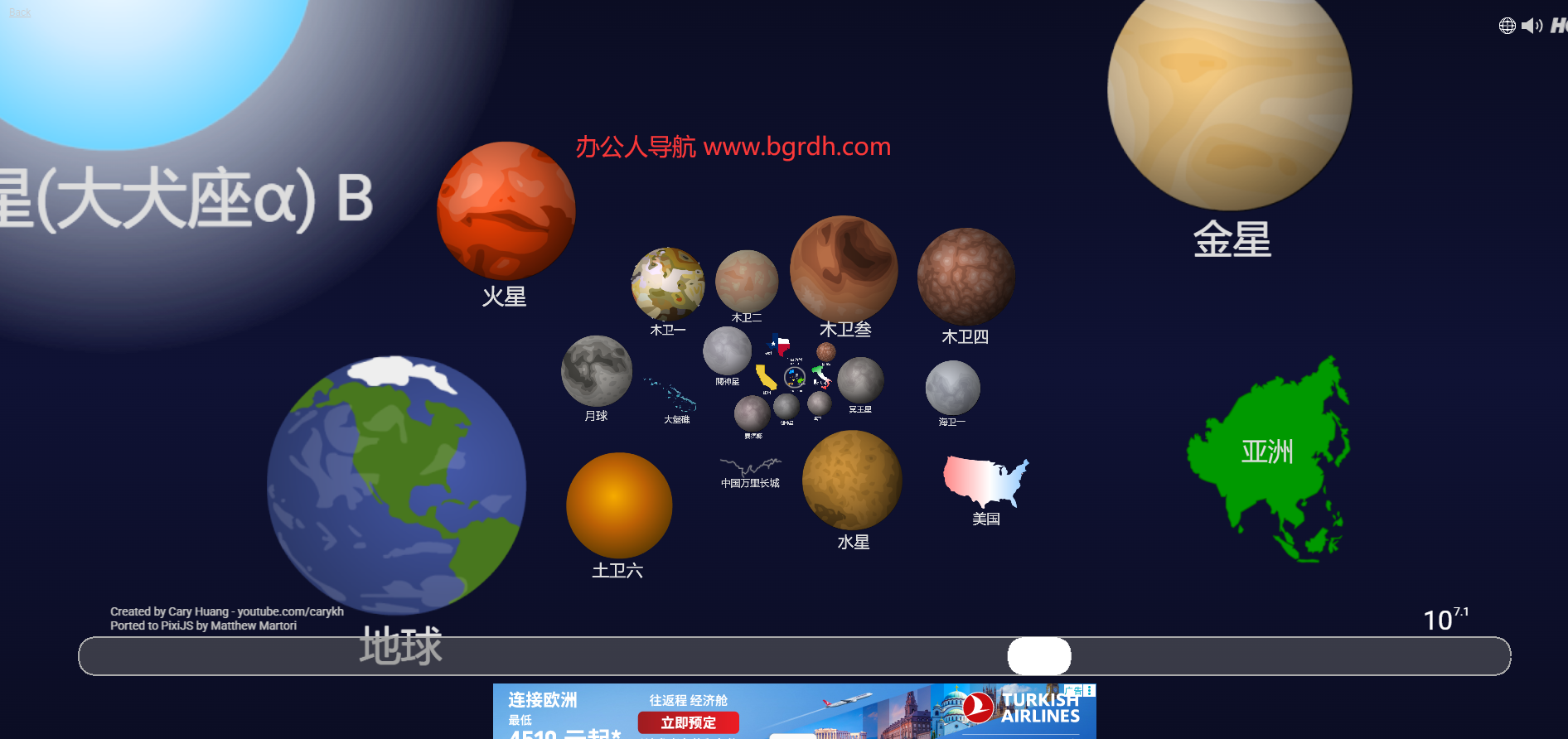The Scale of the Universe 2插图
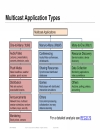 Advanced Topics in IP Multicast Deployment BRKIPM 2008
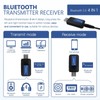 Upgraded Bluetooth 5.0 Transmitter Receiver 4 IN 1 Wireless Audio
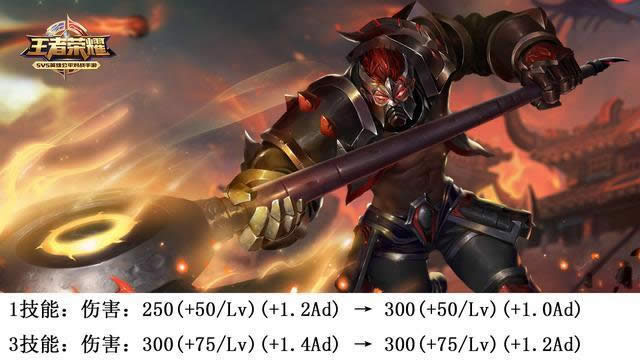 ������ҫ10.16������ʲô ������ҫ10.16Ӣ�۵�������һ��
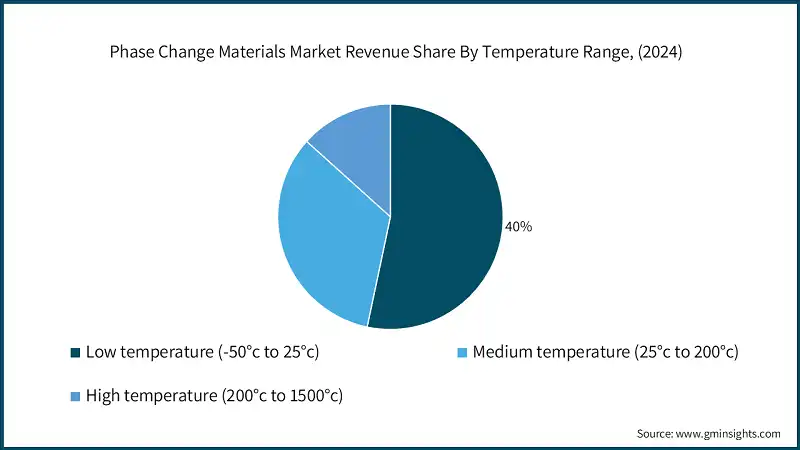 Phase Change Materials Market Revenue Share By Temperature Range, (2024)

TASK OBJECTIVE: Restate the listing word for word and drop the pictures.

ANSWER BOX:
The Scale of the Universe 2插图
 Advanced Topics in IP Multicast Deployment BRKIPM 2008
 Upgraded Bluetooth 5.0 Transmitter Receiver 4 IN 1 Wireless Audio
 ������ҫ10.16������ʲô ������ҫ10.16Ӣ�۵�������һ��
 Phase Change Materials Market Revenue Share By Temperature Range, (2024)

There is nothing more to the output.